[Caption-style text data]
====================
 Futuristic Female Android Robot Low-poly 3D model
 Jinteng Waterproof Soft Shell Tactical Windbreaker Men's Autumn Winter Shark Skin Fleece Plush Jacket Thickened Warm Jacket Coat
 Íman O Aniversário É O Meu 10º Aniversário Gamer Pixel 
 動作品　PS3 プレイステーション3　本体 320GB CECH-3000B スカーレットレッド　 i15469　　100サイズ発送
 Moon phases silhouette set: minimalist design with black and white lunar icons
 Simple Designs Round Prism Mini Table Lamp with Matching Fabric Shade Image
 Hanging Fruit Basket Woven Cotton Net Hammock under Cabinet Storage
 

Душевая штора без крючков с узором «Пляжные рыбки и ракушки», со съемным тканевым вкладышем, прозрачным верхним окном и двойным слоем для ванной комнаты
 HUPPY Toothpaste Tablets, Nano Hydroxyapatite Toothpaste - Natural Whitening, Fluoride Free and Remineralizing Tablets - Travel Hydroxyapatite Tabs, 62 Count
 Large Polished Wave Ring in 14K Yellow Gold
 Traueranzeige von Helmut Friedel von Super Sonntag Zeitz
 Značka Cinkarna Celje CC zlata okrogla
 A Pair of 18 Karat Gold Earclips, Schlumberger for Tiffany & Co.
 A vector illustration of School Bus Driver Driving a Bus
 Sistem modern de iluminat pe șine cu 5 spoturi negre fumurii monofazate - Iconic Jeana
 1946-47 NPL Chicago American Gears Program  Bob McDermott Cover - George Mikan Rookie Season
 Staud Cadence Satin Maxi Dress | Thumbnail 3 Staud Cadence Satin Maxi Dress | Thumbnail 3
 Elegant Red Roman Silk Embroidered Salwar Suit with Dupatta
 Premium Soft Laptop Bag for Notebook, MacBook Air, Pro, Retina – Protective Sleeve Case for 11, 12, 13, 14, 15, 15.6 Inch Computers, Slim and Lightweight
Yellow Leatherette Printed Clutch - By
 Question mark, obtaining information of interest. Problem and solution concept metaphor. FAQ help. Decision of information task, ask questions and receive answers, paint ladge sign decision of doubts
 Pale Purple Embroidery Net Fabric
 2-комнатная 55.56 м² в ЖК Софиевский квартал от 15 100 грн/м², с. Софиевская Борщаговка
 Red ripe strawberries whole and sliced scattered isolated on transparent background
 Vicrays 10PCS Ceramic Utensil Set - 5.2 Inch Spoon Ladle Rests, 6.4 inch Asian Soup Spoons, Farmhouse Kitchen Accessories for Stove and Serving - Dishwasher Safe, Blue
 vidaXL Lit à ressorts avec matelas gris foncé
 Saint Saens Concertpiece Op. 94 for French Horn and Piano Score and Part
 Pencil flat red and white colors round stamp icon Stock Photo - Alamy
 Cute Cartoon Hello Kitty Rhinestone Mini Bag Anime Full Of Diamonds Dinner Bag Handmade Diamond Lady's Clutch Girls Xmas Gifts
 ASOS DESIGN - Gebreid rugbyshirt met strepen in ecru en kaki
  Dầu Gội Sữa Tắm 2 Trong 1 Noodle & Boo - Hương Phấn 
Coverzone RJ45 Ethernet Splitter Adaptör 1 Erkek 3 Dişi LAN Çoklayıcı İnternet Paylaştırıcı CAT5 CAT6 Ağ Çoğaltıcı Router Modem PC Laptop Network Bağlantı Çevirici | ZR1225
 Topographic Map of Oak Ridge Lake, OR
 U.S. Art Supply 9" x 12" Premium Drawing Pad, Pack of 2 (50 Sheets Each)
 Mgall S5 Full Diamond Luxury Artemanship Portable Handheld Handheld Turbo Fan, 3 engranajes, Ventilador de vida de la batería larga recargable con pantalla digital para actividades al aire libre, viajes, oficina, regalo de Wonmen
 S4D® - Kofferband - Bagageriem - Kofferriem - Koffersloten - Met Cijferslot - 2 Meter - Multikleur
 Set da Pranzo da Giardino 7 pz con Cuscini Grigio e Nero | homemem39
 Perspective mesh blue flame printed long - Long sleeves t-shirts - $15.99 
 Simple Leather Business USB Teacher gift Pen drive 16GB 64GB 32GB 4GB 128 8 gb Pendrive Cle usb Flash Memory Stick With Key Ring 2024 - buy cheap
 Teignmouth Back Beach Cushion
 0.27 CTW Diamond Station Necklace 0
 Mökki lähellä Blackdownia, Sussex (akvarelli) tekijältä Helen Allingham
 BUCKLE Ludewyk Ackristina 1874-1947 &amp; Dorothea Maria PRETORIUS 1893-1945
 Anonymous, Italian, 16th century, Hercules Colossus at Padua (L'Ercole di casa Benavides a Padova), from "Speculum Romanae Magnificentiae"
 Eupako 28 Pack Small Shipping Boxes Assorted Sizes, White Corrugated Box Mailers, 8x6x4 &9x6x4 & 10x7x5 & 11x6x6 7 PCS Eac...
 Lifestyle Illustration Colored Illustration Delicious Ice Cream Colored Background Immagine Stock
====================
Copy the lines above that hold the word "Stock".

#### [Completed exercise]
 Pencil flat red and white colors round stamp icon Stock Photo - Alamy
 Lifestyle Illustration Colored Illustration Delicious Ice Cream Colored Background Immagine Stock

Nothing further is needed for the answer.